Fluid streams derived from natural gas reservoirs, petroleum or coal, often contain a significant amount of acid gases, for example carbon dioxide (CO2), hydrogen sulfide (H2S), sulfur dioxide (SO2), carbon disulfide (CS2), hydrogen cyanide (HCN), carbonyl sulfide (COS), or mercaptans as impurities. Said fluid streams may be gas, liquid, or mixtures thereof, for example gases such as natural gas, refinery gas, hydrocarbon gasses from shale pyrolysis, synthesis gas, and liquids such as liquefied petroleum gas (LPG) and natural gas liquids (NGL).
Various compositions and processes for removal of acid gasses are known and described in the literature. It is well-known to treat gaseous mixtures with aqueous amine solutions to remove these acidic gases. Typically, the aqueous amine solution contacts the gaseous mixture comprising the acidic gases counter currently at low temperature and high pressure in an absorber tower. The aqueous amine solution commonly contains an alkanolamine such as triethanolamine (TEA), methyldiethanolamine (MDEA), diethanolamine (DEA), monoethanolamine (MEA), diisopropanolamine (DIPA), or 2-(2-aminoethoxy)ethanol (sometimes referred to as diglycolamine or DGA). In some cases, an accelerator, is used in combination with the alkanolamines, for example piperazine and MDEA as disclosed in U.S. Pat. Nos. 4,336,233; 4,997,630; and 6,337,059. Alternatively, EP 0134948 discloses mixing an acid with select alkaline materials such as MDEA, to provide enhanced acid gas removal. However, EP0134948 teaches that only a select class of alkaline materials mixed with an acid is useable in aqueous alkaline solutions to provide increased acid gas removal.

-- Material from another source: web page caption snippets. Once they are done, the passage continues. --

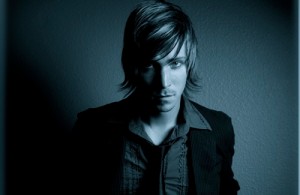 Troy_Baker-2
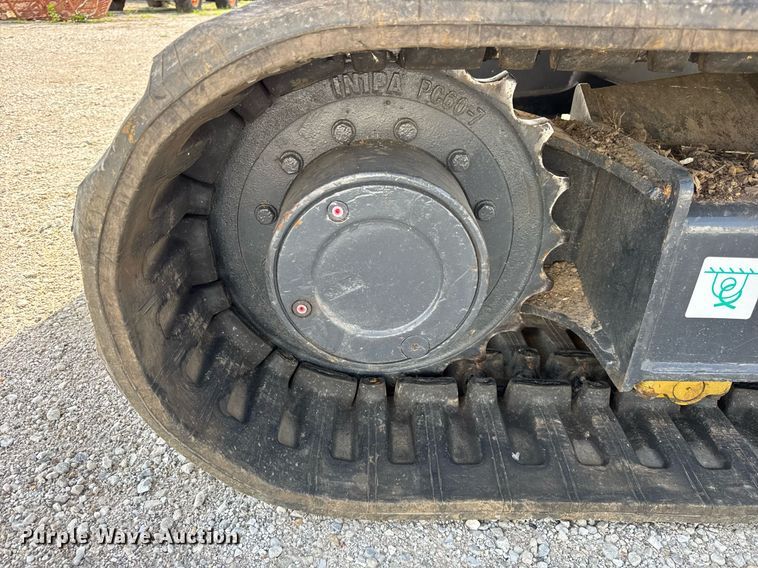 image for item EF2084 Komatsu PC70-8 mini excavator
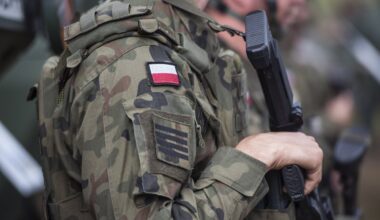 Poola plaanib anda loa Ukraina kohal lendavad objektid alla tulistada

Tertiary amines, such as 3-dimethylamino-1,2-propanediol (DMAPD), have been shown to be effective at removing CO2 from gaseous mixtures, see U.S. Pat. No. 5,736,116 or DMAPD in conjunction with piperazine, see WO2014/004019, or DMAPD in conjunction with an acid, see WO 2014/004020. Further, in specific processes, e.g., the Girbotol Process, tertiary amines have been shown effective in removal of H2S, but show decreased capacity at elevated temperatures, for examples see “Organic Amines-Girbotol Process”, Bottoms, R. R., The Science of Petroleum, volume 3, Oxford University Press, 1938, pp 1810-1815.
While the above compounds are effective, they each have limitations which detract from their universal use. In particular, it would be desirable to have an aqueous composition comprising an alkanolamine for removing H2S from a gaseous mixture and/or an aqueous alkanolamine solution which is efficient at removing acid gases at a commercially viable capacity when the aqueous solution is used at an elevated temperature, for example above 140° F.
As such, there is a need for an aqueous alkanolamine solution and method to use said solution, which is effective at removing hydrogen sulfide from gaseous mixtures and/or removing hydrogen sulfide at elevated operating temperatures.